Clan Graham Association
According to tradition the origins of the Clan Graham are that they are descended from "Graeme", a great Caledonian chief, who broke the Roman Antonine Wall, which forged the divide between Roman Britannia and the unconquered highlands, as he drove the Roman legions from his lands. He is said to have won it the name "Graham's Dyke during the time of Fergus II. This, unfortunately, might never be proven, although Roman texts vaguely reference a Graeme in similar context.
Theories attempt to explain the ancient roots of the clan with the postulation that similar names from the Celtic "Greumach" (grim) or the Saxon "Gram" (fierce) were absorbed into a larger entity to form a united clan. Scottish legend also suggests that the daughter of a Gryme married a King of the Scots, Fergus II, and that the family consequently holds exceptionally old royal ancestry beyond that later gained. The Celts and Saxons disappeared or were swallowed up by the descendants of "Lez Grames" of Norman origin. Another theory is that that the original Grahams in Scotland were Picts, established long before the Saxons or Normans came to Scotland, making Graham one of the most ancient families in all of Britain.
Graham of the Clan Graham
Sir John de Graham, hero of the Wars of Independence, rescued William Wallace at Queensberry, becoming one of Wallace's few close friends and perhaps his most trusted adviser. William Wallace was at his side when Graham was killed in 1298 at the battle of Falkirk, where his name is still perpetuated in the district of Grahamston. The grave of this hero in Falkirk churchyard is still to be seen, with table stones of three successive periods above it. One great two-handed sword of Sir John the Graham is preserved at Buchanan Castle by the Duke of Montrose; another was long in possession of the Grahams of Orchil, and is now treasured by the Free Mason Lodge at Auchterarder.
In John Stewart's book, The Grahams, he states that "Most Scottish Clans would be proud to have one great hero. The Grahams have three." He refers to Sir John, James Graham, 1st Marquess of Montrose and John Graham, 1st Viscount of Dundee. Stewart also wrote,
It is remarkable that the early Grahams were one and all exceedingly capable men. In an age when the reputation of many great public figures, alas, that of most of the Scottish nobility, were sullied by deeds of violence, and often deeds of blackest treachery, it is refreshing to find that the Grahams stand out as loyal and true to the causes they espoused. Their story is not one of rapid rise to power through royal favor, or even at the expense of their peers, but rather a gradual steady rise based on their undoubted ability and worthiness which seems to have endured from one generation to another.

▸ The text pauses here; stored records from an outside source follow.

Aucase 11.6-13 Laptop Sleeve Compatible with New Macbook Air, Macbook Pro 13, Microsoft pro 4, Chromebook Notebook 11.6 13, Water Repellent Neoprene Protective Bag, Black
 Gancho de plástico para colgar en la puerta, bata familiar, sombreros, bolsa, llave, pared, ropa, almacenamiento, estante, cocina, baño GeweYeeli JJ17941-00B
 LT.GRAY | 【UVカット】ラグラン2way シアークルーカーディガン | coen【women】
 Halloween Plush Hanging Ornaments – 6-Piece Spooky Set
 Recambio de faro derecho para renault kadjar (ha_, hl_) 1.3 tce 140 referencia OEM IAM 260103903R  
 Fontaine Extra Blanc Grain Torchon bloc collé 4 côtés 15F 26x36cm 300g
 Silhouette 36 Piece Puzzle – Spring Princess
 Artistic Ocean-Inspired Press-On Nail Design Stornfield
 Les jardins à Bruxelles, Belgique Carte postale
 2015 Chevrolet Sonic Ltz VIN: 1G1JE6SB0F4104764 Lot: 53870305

Though the theories differ as to how the clan was established in Scotland, solid information has established a Norman descent of the original Grahams. These Normans were originally of the Vikings who landed on Scottish soil in ancient times and thus a Graham lineage goes back into Scandinavia.
From the records available, the first Graham known in Scotland was Sir William de Graham (or De Graeme), a knight who accompanied David I, England's premier baron, on his journey north to claim the Scottish crown in 1128. William De Graeme personally witnessed the signing of the charter founding the Abbey of Holyrood in the same year 1128. From this line descended the Montrose line of Grahams, one of the most distinguished families of Scotland and perhaps all of Britain. This knight might have originated from a place listed as "Graeg Ham" in the Domesday Book of William the Conqueror in 11th century in England - now the town of Grantham.